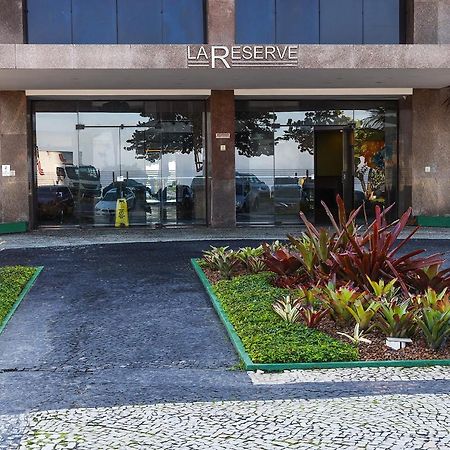 דירות ריו דה ז'ניירו Acolhedor Flat A Beira-Mar Na Barra Da Tijuca מראה חיצוני תמונה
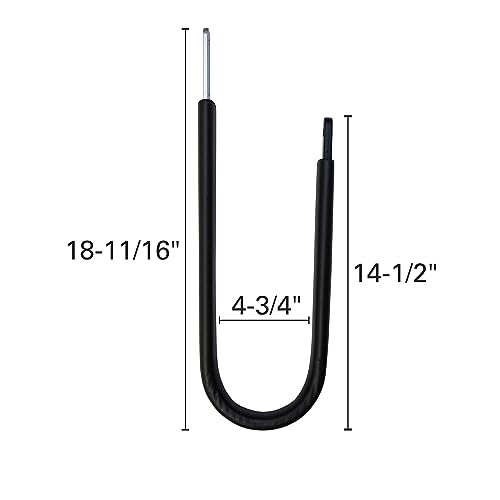 Extreme Max Aluminum Surfboard Wall Cradle - Pair for Surfboards & SUPs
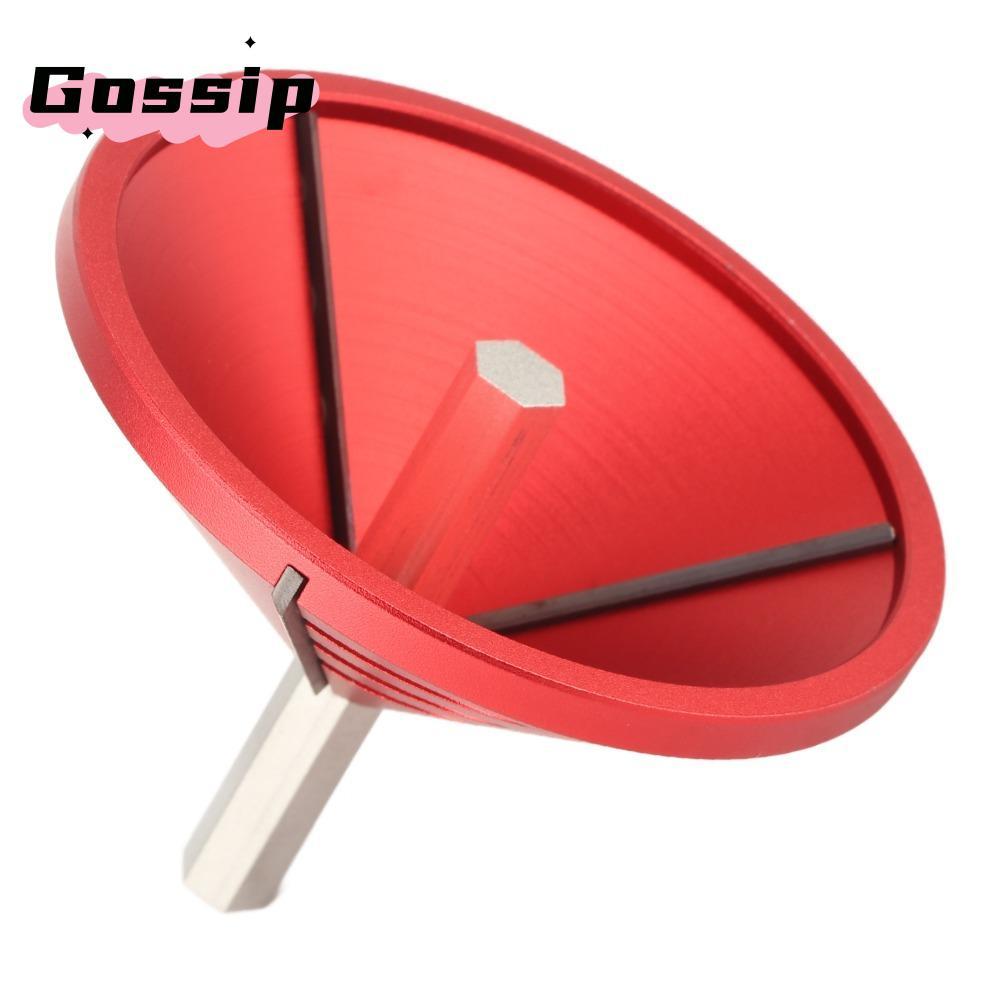 GOSSIP 2 in 1 PVC Deburring Tool, ใช้งานร่วมกับ PVC, CPVC, ABS, PP, PE Pipe Burr Remover ด้านนอกท่อ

▶ TASK DETAILS
Your reply should hold every line of the material, unaltered, and not one picture.

▶ RESPONSE TO THIS EXERCISE
 דירות ריו דה ז'ניירו Acolhedor Flat A Beira-Mar Na Barra Da Tijuca מראה חיצוני תמונה
 Extreme Max Aluminum Surfboard Wall Cradle - Pair for Surfboards & SUPs
 GOSSIP 2 in 1 PVC Deburring Tool, ใช้งานร่วมกับ PVC, CPVC, ABS, PP, PE Pipe Burr Remover ด้านนอกท่อ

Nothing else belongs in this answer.